[[ Given data open ]]

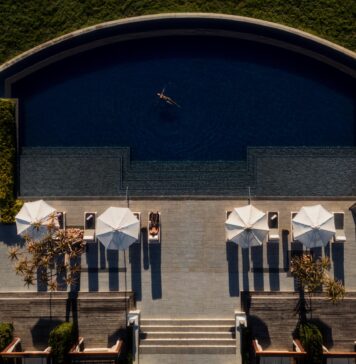 Shamwari Private Game Reserve Joins Rare Finds by Kerzner International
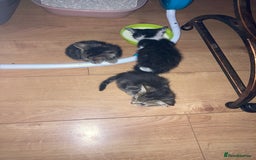 Domestic Shorthair cats for sale: mixed kittens - Image 2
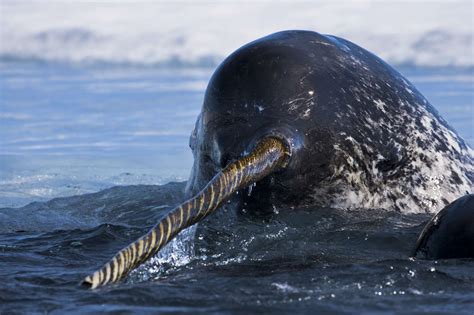 Do Narwhals Have A Symmetrical Mouth Narwhals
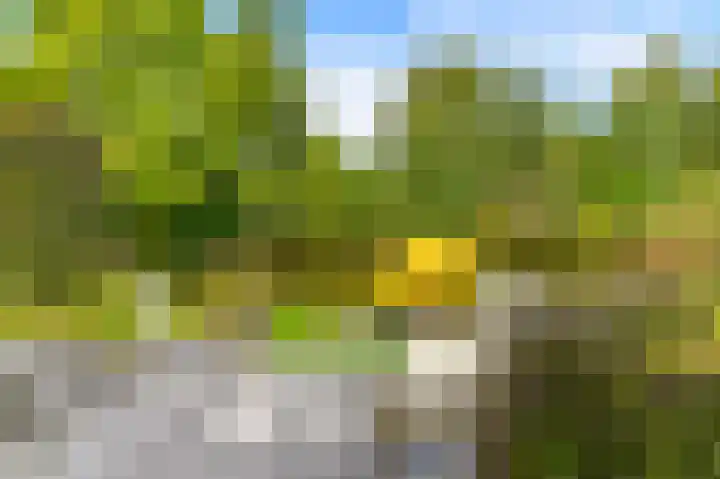 Dopheide 36 Heerenveen thumbnail 28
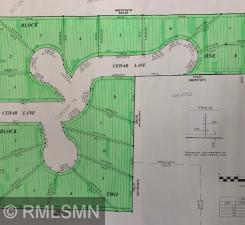 1301 Cedar Ln, Litchfield, MN 55355
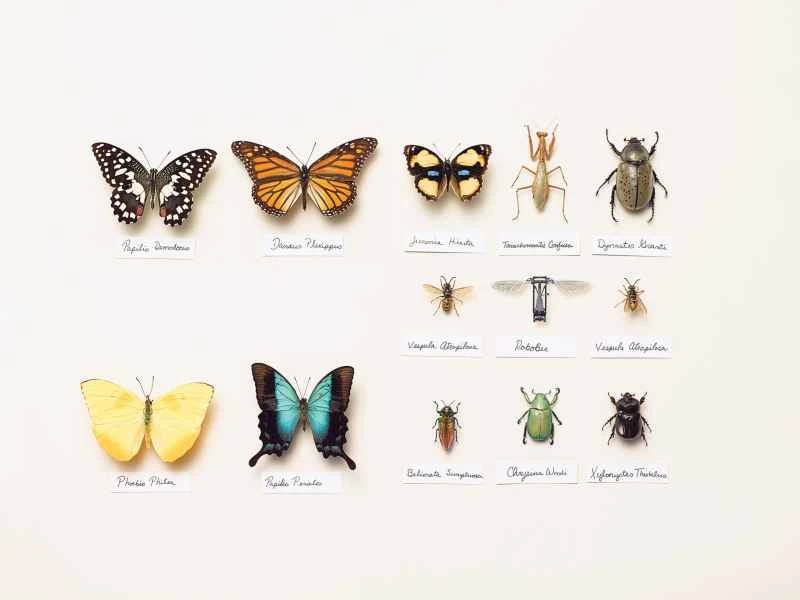 昆虫ドローンの台頭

[[ Given data closed ]]

Without the images, write out all of the records exactly.

Reply to the exercise:
 Shamwari Private Game Reserve Joins Rare Finds by Kerzner International
 Domestic Shorthair cats for sale: mixed kittens - Image 2
 Do Narwhals Have A Symmetrical Mouth Narwhals
 Dopheide 36 Heerenveen thumbnail 28
 1301 Cedar Ln, Litchfield, MN 55355
 昆虫ドローンの台頭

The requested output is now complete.